FIG. 1 is a schematic longitudinal sectional diagram showing the basic structure, according to the invention, of a striking mechanism, including the control unit, with the annular piston decoupled.
FIG. 2a shows the striking mechanism of FIG. 1 during the return stroke movement of the percussion piston and of the annular piston.
FIG. 2b shows the striking mechanism of FIG. 1 with the respective position of the percussion piston and of the annular piston, as well as the state of the control unit after completion of the approach to the return stroke reversal point (inner dead center of the percussion piston).

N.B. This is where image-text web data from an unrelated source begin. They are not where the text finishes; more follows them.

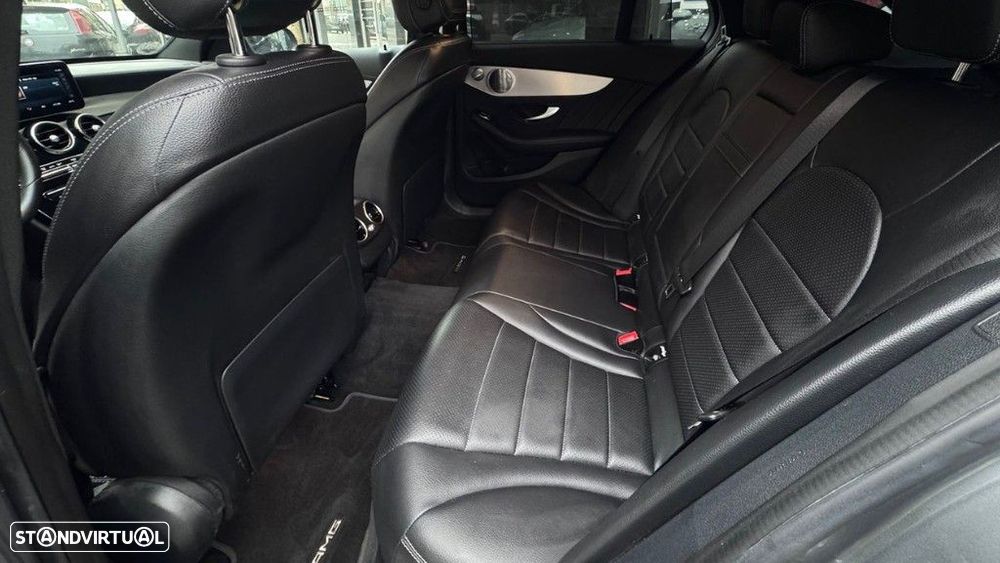 Mercedes-Benz C 300 de AMG Line - 10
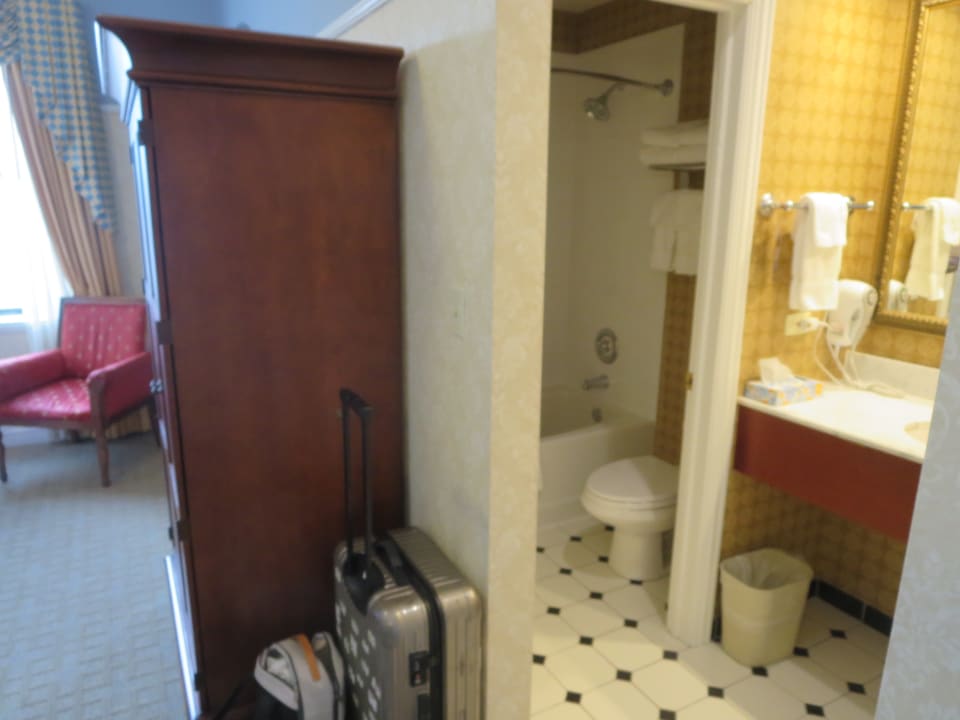 Zimmer Hotel Carleton of Oak Park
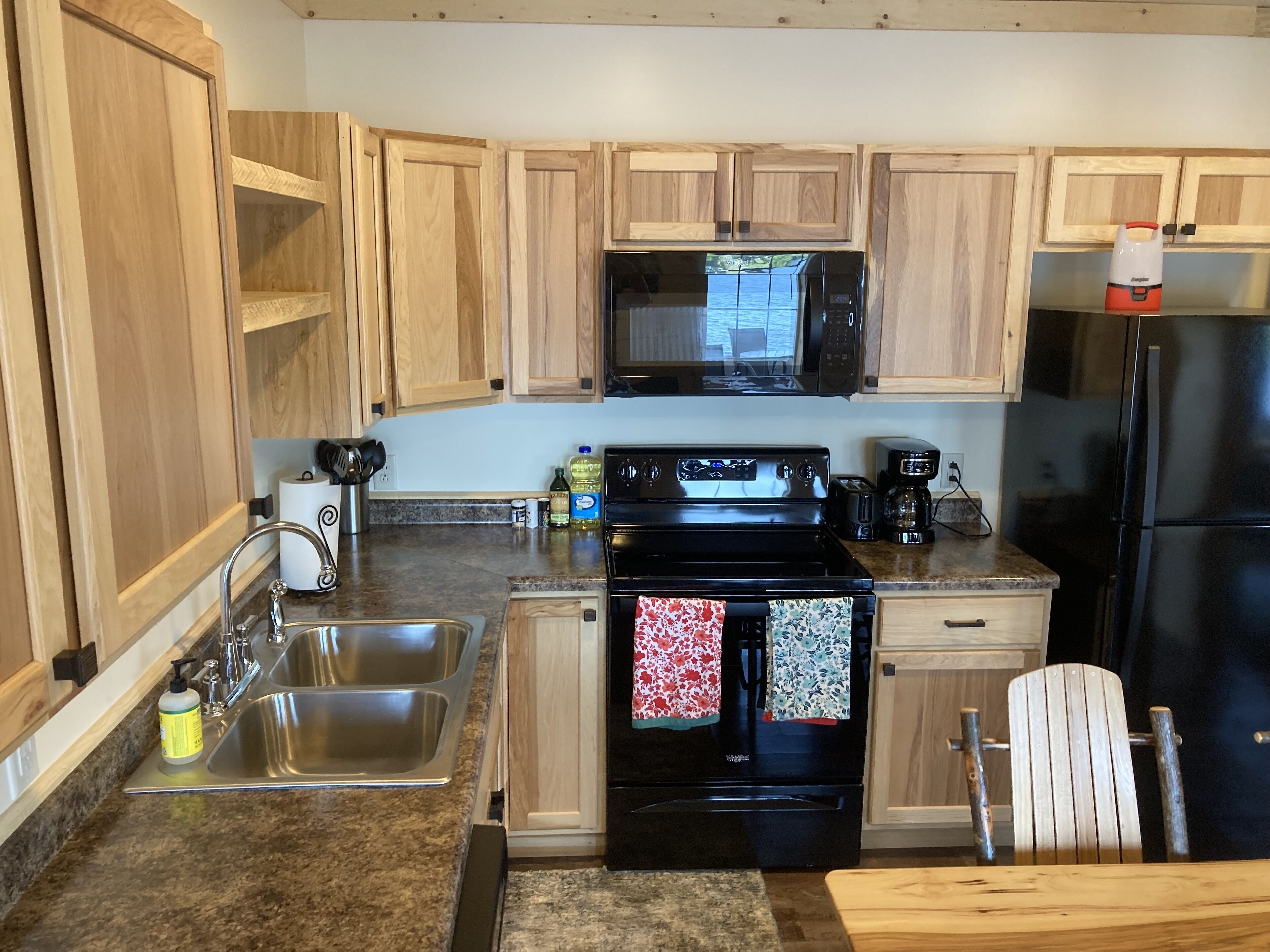 Lakefront Resort Cabin 19A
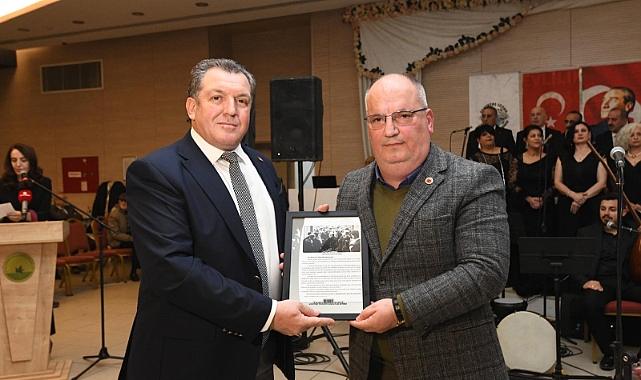 Osmangazi Belediyesi Gönüllere Dokunan Bir Geceye İmza Attı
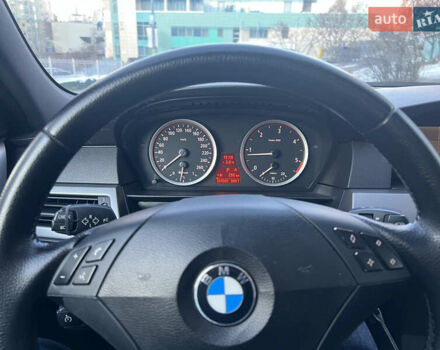 Черный БМВ 5 Серия, объемом двигателя 2 л и пробегом 324 тыс. км за 8000 $, фото 15 на Automoto.ua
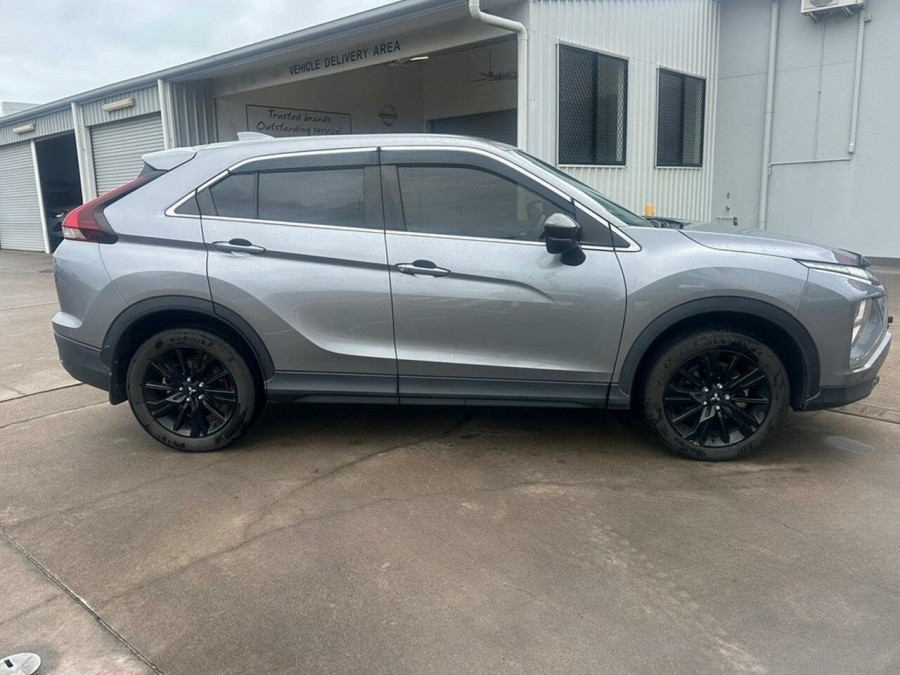 2023 Mitsubishi Eclipse Cross YB Black Edition SUV Image 2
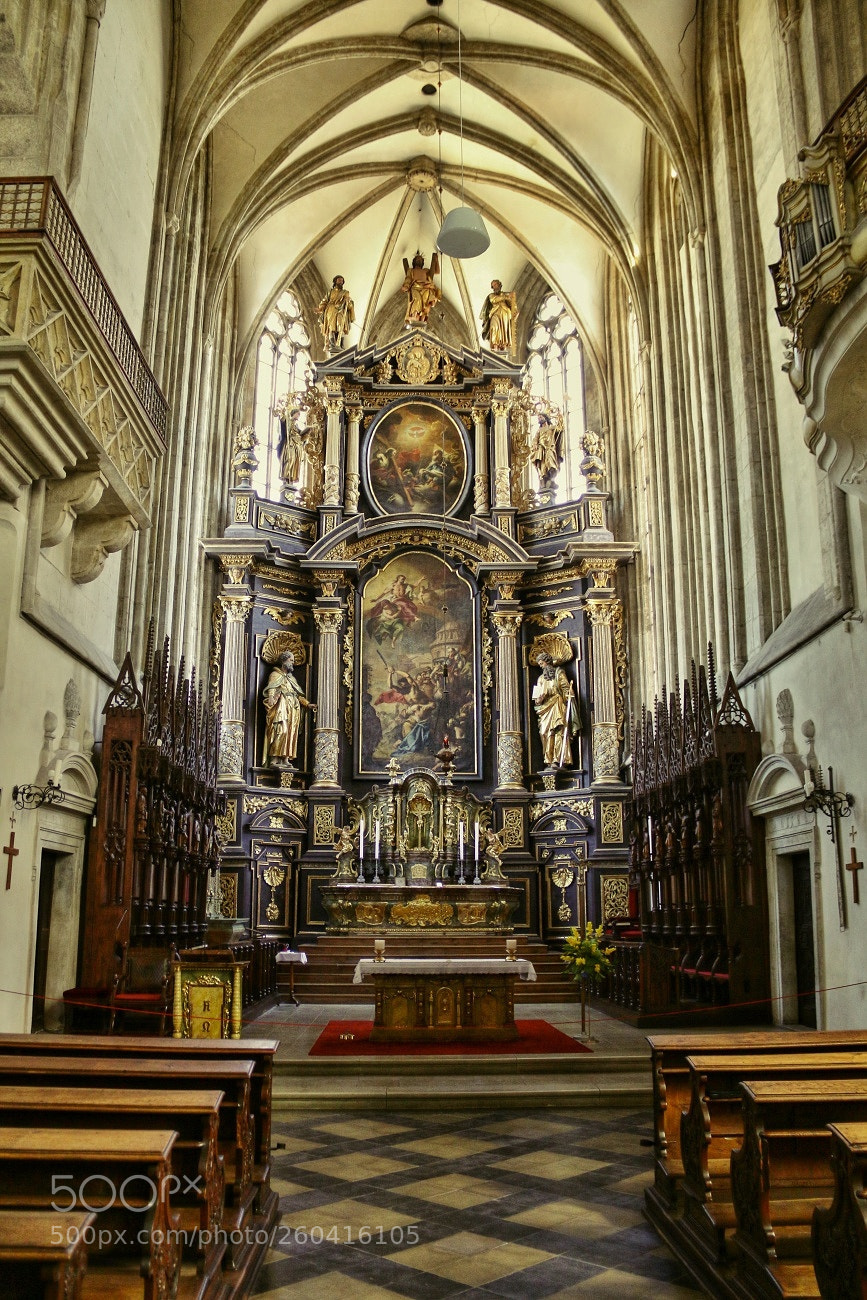 Canon EF-S 18-135mm F3.5-5.6 IS sample photo. Kutná hora photography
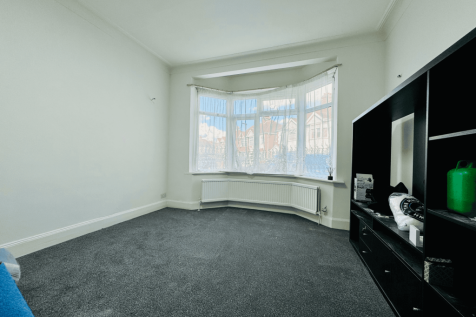 LIVINGROOM ONE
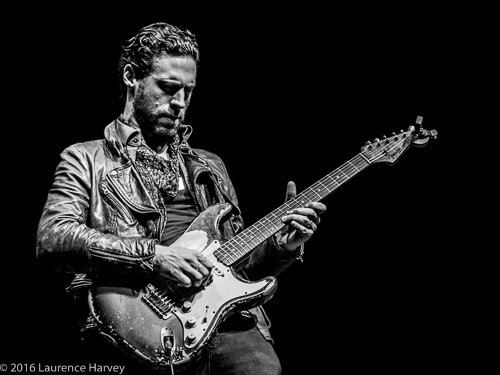 Dan Patlansky on guitar & vocals
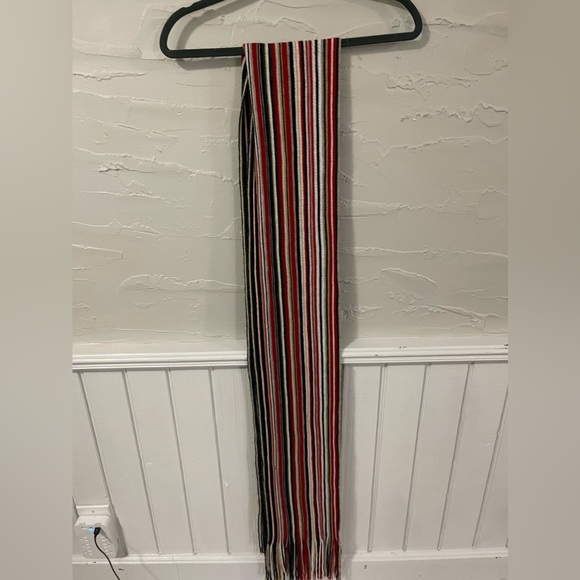 Extra long striped scarf - Picture 6 of 6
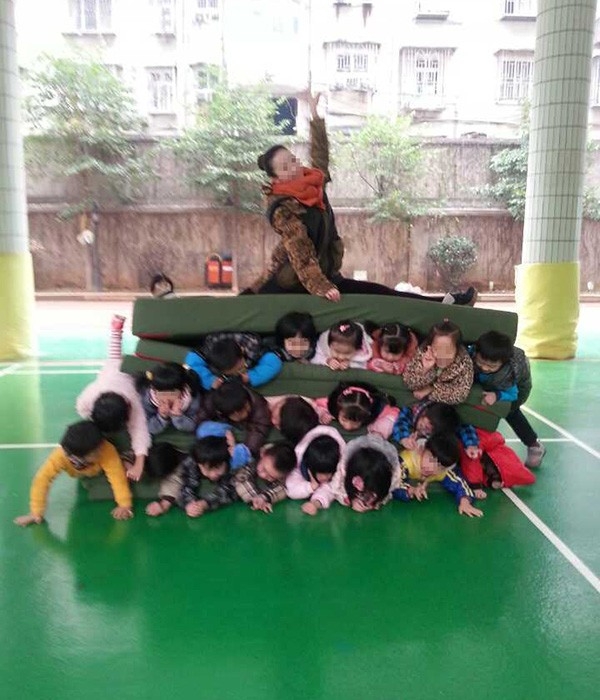 Co giao ngoi de len hoc sinh khien dan mang phan no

FIG. 2c shows the striking mechanism of FIG. 1 with the respective position of the percussion piston and the annular piston, as well as the state of the control unit during the operating stroke.
FIG. 2d shows the striking mechanism of FIG. 1 with the respective position of the percussion piston and of the annular piston, as well as the state of the control unit after impact of the percussion piston on the material to be worked.
FIG. 3 is a schematic of a partial longitudinal section of a further embodiment of the striking mechanism according to the invention, which, in order to influence the operating behavior, is additionally provided with a gate valve.
a striking mechanism which includes a percussion piston 1 having a percussion piston tip 1a facing a material 2 to be worked.
the percussion piston itself is guided to move back and forth in the direction of its longitudinal axis 4 within a cylinder 3 which is closed by a cover 3a.
Percussion piston 1 has a drive side end section 1b facing away from percussion piston tip 1a and projecting with a disk-shaped contact face 5 fastened thereto into a gas chamber 6 filled with compressed gas.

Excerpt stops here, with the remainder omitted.